Colocaban las luces de Navidad y reaccioné como el ser poco verbenero que soy. Luego pensé que diseñarlas, fabricarlas y colocarlas daba trabajo. Atraerán a muchas personas que aprovecharán para ir a los comercios cercanos a comprar (de más, es la intención) –más trabajo– y después lo celebrarán con un par de potes –ídem– y en todo este proceso se mostrarán entusiastas, reforzarán lazos, considerarán qué regalar a otras personas, creerán en el futuro. Por eso, el ayuntamiento no esperará a iluminarlas a la hora en que la electricidad esté más barata, sino que se tomará el gasto como inversión en el bienestar ciudadano. Lo digo sin ironía y con ironía, me caben ambas posturas. En cualquier caso, el ayuntamiento no arriesga y no pone las luces en cualquier sitio.
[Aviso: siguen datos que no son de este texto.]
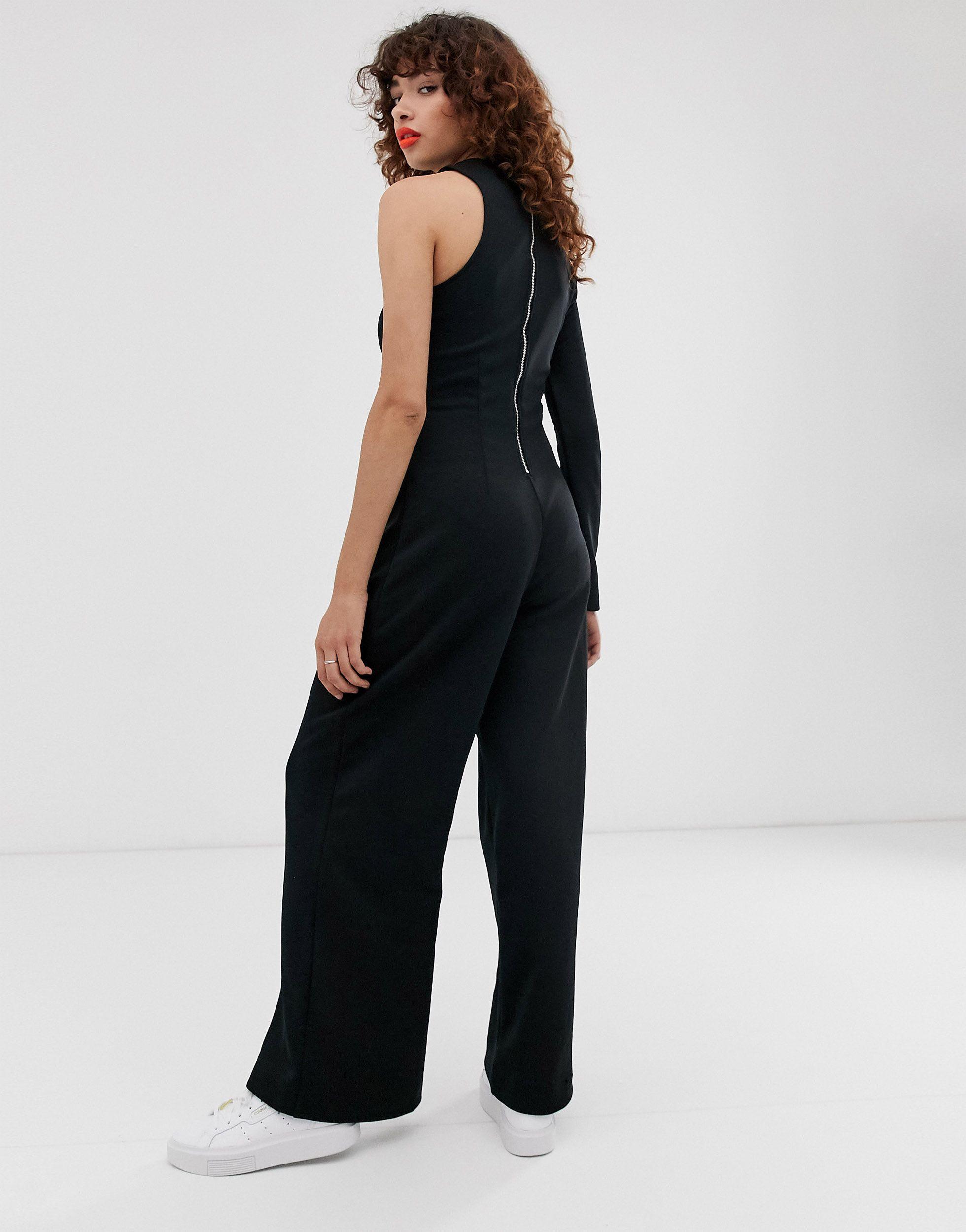 Womens Jumpsuits and rompers adidas Originals Jumpsuits and rompers adidas Originals Loose Fit Jumpsuit in Black Pink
La arteria comercial de mi barrio de joven tenía de todo: panadería, lechería, mercería, una frutería donde vendían la mejor fruta que he comido nunca, luego pusieron otra, una tienda de lanas, tres droguerías-perfumerías, varios bares, una tienda de enmarcación de cuadros, periódicos y chucherías, un comercio de electrodomésticos, un tostadero de café, una tienda de textil de hogar, un comercio de ropa, otro de conservas y encurtidos, una carnicería, una peluquería, una floristería y un cine por decir algunas. Como en un río, desembocaban en ella calles que añadían zapaterías y zapateros, farmacias, ultramarinos, una tintorería, más bares, otro cine, una biblioteca, varios supermercados, una pescadería y algún pequeño taller. Desde hace tiempo es una sucesión de bajeras clausuradas. Como aquí no se ponen luces, el ayuntamiento, los sucesivos ayuntamientos, que esto lleva tiempo, igual no se han dado cuenta de la situación mientras que en otros lugares más iluminados crecen civivox es de la noche a la mañana. La conclusión es tan triste como el final de La cerillera.